There’s never been a ban, to my knowledge, against women as grand marshals. There just haven’t been that many—four, counting this year’s honoree, Kathy McGee Burns, president or former president of [fill in just about any Irish organization in Philly here}.

While we’ve had Sinn Fein members marching in the parade, the truth is, most people wouldn’t know it. Or care. We don’t usually get anyone famous, unless you count the CBS3 crew and WMMR’s Preston and Steve. The modern-day equivalents of Devlin, the Berrigans, and Behan are not clamoring to march up the Parkway for their 10 seconds of fame live on local TV. Even the delegate from the Irish government, which always sends someone to visit this time of year, isn’t marching in the parade. Tanaiste (deputy prime minister) Joan Burton is leaving the city the night before. Was it something we said? We are a humble people; most of our floats were being handmade in someone’s neighborhood last week.

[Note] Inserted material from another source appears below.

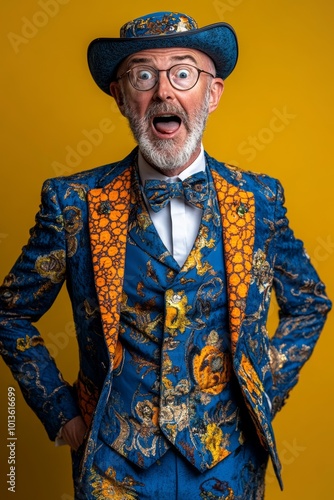 Senior man wearing an orange hat and a blue and orange suit.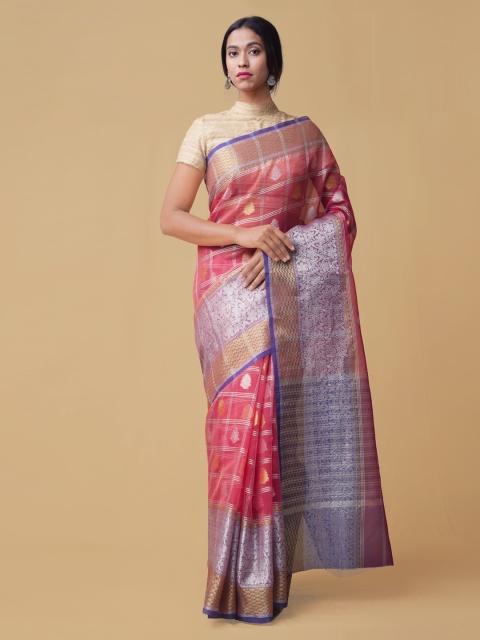 

Unnati Silks Pink & Blue Silk Blend Woven Design Handloom Banarasi Saree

I don’t know that any gay groups have applied to march, but I would like to think they would not be turned down, that it wouldn’t become a controversy. We live in a city where we have an official “gayborhood” marked by rainbow flags and one of our sweetest, loveliest and most famous Irish pageant winners is openly gay. I like to think we’re more than tolerant here. I like to think we’re party people whose attitude is, “Ahh, sure, the more the merrier.” We have been not asking, not telling, and not caring longer than most people. I’m not naïve. I know that there are bigots in our community. I hear things. But I’d like to believe that their small voices would be drowned out by the Mormon Tabernacle Choir of the right-thinking people who live in this city.

We do like to party. Some of us party hard. Some of us throw up in the streets; most of us do not wrestle there. There have never been any serious incidents associated with the parade to my knowledge. I did once see a silly string fight at 17th and Arch, but no one was seriously injured in the mele. I once interviewed two guys having beers and laughing together at Tir na Nog and asked them how long they’d known one another. They turned and looked at each other. “Oh, I don’t know,” said one. “About 20 minutes?” Chill. We are chill.

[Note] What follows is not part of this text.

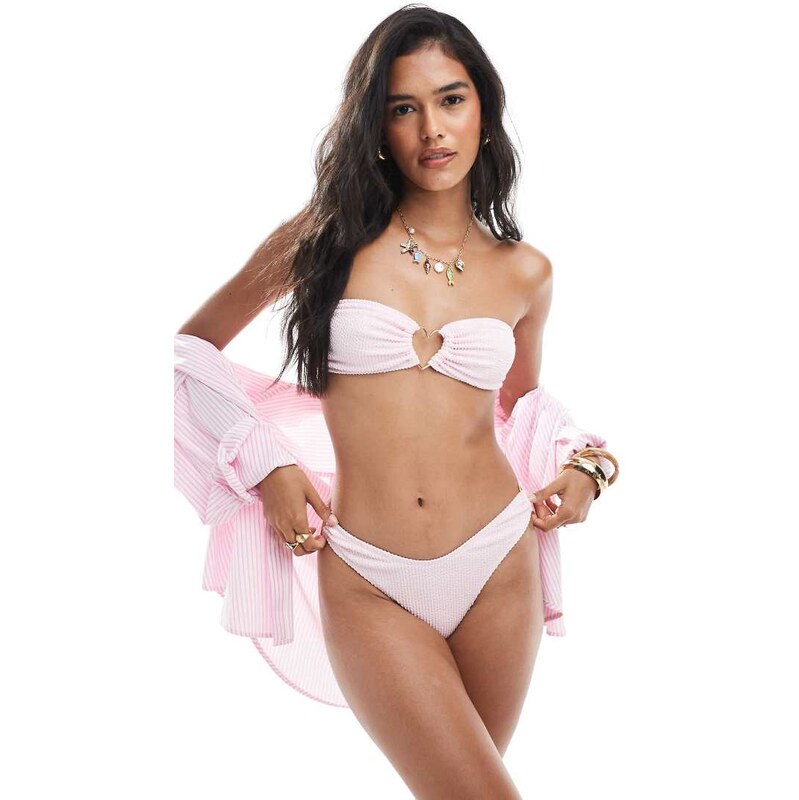 Miss Selfridge heart detail crinkle bikini bottom in pink 115510988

I was a member of the St. Patrick’s Ring of Honor one year, and marched in the parade with about 10 other women, including two nuns and two judges. We heard a lot of calling and cheering from the crowd as we went by. I wondered whom they’d recognized from the group until it suddenly dawned on me—they were former students yelling to the Sisters of Mercy who were marching behind us. We are a people who cheer their nuns.

In fact, when I started thinking about our noncontroversial St. Patrick’s Day Parade, I was only able to come up with a handful of questions that really didn’t lend themselves much to a click-bait slideshow. Here’s what I’m wondering (see photos below):

Will the lady who wears the cabbage and potato necklace be hanging around 16th and Arch? And will she be wearing the leprechaun shoes?

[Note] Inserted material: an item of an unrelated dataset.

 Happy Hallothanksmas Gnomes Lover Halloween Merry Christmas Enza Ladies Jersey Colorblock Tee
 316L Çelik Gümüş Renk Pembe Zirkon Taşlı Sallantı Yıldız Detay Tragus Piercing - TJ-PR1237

Now that traffic guy Bob Kelly is at Fox29, who will be bouncing around the streets doing random interviews for CBS3 and CW Philly?

What is with the folks in the full-body suits? A couple of years it was a green man, one year a shamrock person. I use those descriptors deliberately. These are skin-tight suits. I knew one was a guy. The other. . .hmmmm.

Will Murphy the Irish wolfhound be on the Parkway or has he gone to the great dog park in the sky? Wolfhounds, alas, are not long-lived animals and we didn’t see Murphy last year.

What will make Parade Director Michael Bradley smile during the parade? It certainly won’t be seeing a camera.

How many city blocks will the Second Street Irish Society contingent take up when standing still? That has to be the largest group in the parade. No complaints. They have music, adorable kids, and they dress really well. But why aren’t they the Two Street Irish Society? Everyone knows that in Philly, that’s what we call that stretch of road in South Philadelphia. You know, because we’re quirky like that.

Can I crash the McSweeney-Sears party that’s been in the same spot on the Parkway since 1993? They always have liquid refreshments. In New York, is it possible to know spectators along the parade route because you see the same people year after year? I will be missing some familiar faces, people who are no longer with us, including Mary Walters, who I met 9 years ago during my first parade; the AOH’s Joe Montgomery, always the best-dressed man on the Parkway; the guy with the beard who was the best St. Patrick ever; and always, Knute Bonner and Paul Phillips, two parade veterans.

And finally, what shall I wear? Some years, the weather for St. Patrick’s Day Parade is as warm and balmy as a Caribbean night. Other years, this rain-or-shine parade lives up to its name. One year, my hands were so cold that the photo IDs I took down looked like they were written by someone with tremors. Like everyone else in the city, I blame the weather on the local meteorologists because, of course, they control it. We once drove a guy out of town for overhyping a snowstorm. That’s the kind of people we are here.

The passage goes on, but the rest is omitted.